My first concert.....Headpins/Toronto double bill......I thought Too Loud had Marshall stacks....man, it was loud and remains the loudest concert i've attended. I was with my drummer uncle who had seen/played with everybody and he said it was the loudest concert he had witnessed.....


----------



## Big_Daddy (Apr 2, 2009)

Brian McLeod is one of my all-time favorite guitar players. I'm still sad that he is gone. And the Headpins? Some of the best drivin', guitar-centric, good old rock n' roll ever!! Turn it loud!!!!!!


----------



## faracaster (Mar 9, 2006)

I think there was a thread on this a couple of years ago.
What I had been told by another record producer was that he played his 65' Strat through a miced Marshall 1/2 stack through a PA that was in the studio and then recorded the miced PA sound. that's what you hear on those records.

Cheers
pete


----------



## Steve Adams (Dec 31, 2009)

My uncle used to play with brian back here in NL, if I can find him I will ask him what he was using.

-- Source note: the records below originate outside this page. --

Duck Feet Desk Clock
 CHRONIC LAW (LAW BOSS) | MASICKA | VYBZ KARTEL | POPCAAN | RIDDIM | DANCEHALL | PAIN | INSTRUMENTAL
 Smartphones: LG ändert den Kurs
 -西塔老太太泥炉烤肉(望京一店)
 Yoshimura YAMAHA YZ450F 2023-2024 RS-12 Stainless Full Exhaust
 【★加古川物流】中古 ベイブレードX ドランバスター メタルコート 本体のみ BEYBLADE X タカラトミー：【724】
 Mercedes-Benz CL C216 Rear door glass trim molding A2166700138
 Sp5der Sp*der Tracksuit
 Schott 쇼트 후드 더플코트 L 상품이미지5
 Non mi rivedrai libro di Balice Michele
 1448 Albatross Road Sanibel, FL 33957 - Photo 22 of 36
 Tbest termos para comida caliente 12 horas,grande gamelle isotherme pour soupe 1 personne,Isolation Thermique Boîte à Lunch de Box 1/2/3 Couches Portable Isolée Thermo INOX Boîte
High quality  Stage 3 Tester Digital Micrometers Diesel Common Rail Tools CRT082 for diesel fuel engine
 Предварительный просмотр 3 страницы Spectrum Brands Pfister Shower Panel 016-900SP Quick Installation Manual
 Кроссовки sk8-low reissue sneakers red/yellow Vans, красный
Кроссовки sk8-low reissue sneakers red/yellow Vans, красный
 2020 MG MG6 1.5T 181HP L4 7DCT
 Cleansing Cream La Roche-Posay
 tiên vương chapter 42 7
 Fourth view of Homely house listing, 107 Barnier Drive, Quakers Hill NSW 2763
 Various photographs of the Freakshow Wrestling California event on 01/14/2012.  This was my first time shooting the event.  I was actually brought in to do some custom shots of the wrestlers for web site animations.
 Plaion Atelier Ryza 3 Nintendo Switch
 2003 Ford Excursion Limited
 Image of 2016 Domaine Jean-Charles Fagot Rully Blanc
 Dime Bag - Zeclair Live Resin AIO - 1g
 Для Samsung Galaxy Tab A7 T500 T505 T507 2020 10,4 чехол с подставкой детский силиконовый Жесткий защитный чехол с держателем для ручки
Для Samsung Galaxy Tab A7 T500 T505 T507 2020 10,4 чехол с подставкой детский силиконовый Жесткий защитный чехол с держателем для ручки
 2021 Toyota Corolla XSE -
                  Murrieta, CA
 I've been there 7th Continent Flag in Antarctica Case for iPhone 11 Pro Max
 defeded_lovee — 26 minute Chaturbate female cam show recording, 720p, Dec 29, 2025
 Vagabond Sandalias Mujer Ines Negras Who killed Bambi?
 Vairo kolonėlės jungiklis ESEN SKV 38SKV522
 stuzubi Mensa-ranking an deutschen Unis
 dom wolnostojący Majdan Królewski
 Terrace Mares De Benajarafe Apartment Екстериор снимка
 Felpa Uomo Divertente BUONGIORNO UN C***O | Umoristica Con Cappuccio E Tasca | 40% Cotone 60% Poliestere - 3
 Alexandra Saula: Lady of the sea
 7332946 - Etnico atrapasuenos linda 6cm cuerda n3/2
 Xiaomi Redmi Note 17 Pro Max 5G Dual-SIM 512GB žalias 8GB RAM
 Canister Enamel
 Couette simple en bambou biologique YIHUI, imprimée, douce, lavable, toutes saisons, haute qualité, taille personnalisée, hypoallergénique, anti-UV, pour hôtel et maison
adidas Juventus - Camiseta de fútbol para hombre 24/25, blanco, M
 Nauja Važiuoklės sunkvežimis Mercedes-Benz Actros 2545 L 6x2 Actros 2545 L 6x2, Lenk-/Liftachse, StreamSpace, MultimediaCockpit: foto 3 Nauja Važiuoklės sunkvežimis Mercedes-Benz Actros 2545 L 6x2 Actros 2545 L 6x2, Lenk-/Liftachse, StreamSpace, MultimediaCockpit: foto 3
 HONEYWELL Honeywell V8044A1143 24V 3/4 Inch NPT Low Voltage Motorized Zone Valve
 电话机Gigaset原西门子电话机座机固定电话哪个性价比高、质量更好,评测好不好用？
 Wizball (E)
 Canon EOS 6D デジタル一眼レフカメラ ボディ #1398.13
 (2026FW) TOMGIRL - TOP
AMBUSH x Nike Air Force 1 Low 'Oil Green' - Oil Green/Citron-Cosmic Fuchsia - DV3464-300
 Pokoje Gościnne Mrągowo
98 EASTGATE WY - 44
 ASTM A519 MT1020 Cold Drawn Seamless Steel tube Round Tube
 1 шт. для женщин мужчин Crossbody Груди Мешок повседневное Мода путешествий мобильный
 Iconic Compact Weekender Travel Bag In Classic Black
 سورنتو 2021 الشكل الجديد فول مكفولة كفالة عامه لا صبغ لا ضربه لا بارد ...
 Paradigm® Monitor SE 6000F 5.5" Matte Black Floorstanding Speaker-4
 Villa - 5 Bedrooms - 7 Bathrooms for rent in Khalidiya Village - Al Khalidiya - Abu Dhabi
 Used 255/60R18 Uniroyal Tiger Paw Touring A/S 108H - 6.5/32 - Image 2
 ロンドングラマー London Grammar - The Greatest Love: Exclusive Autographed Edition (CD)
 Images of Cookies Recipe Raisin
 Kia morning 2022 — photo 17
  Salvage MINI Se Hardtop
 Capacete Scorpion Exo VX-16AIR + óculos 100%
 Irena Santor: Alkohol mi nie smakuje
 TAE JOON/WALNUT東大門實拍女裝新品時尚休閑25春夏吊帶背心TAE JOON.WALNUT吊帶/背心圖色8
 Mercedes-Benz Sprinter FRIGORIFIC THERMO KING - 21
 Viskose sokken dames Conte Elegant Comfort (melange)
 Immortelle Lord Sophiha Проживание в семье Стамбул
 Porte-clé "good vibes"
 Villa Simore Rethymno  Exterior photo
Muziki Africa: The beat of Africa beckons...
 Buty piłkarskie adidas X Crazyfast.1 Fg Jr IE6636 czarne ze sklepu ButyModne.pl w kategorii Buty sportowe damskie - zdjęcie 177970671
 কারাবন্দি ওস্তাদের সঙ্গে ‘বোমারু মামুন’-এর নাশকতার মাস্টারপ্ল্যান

I know that alot of the time in those days, was a "blur" to my uncle so I dont know if he rememebers, I can rememeber going to my nan's house and brian's amp was there, at the time it was a traynor stack!


----------



## bobb (Jan 4, 2007)

faracaster said:


> I think there was a thread on this a couple of years ago.
> What I had been told by another record producer was that he played his 65' Strat through a miced Marshall 1/2 stack through a PA that was in the studio and then recorded the miced PA sound. that's what you hear on those records.
> 
> Cheers
> pete


AFAIK, that was an experiment, not his normal setup live or in the studio.


----------



## faracaster (Mar 9, 2006)

bobb said:


> AFAIK, that was an experiment, not his normal setup live or in the studio.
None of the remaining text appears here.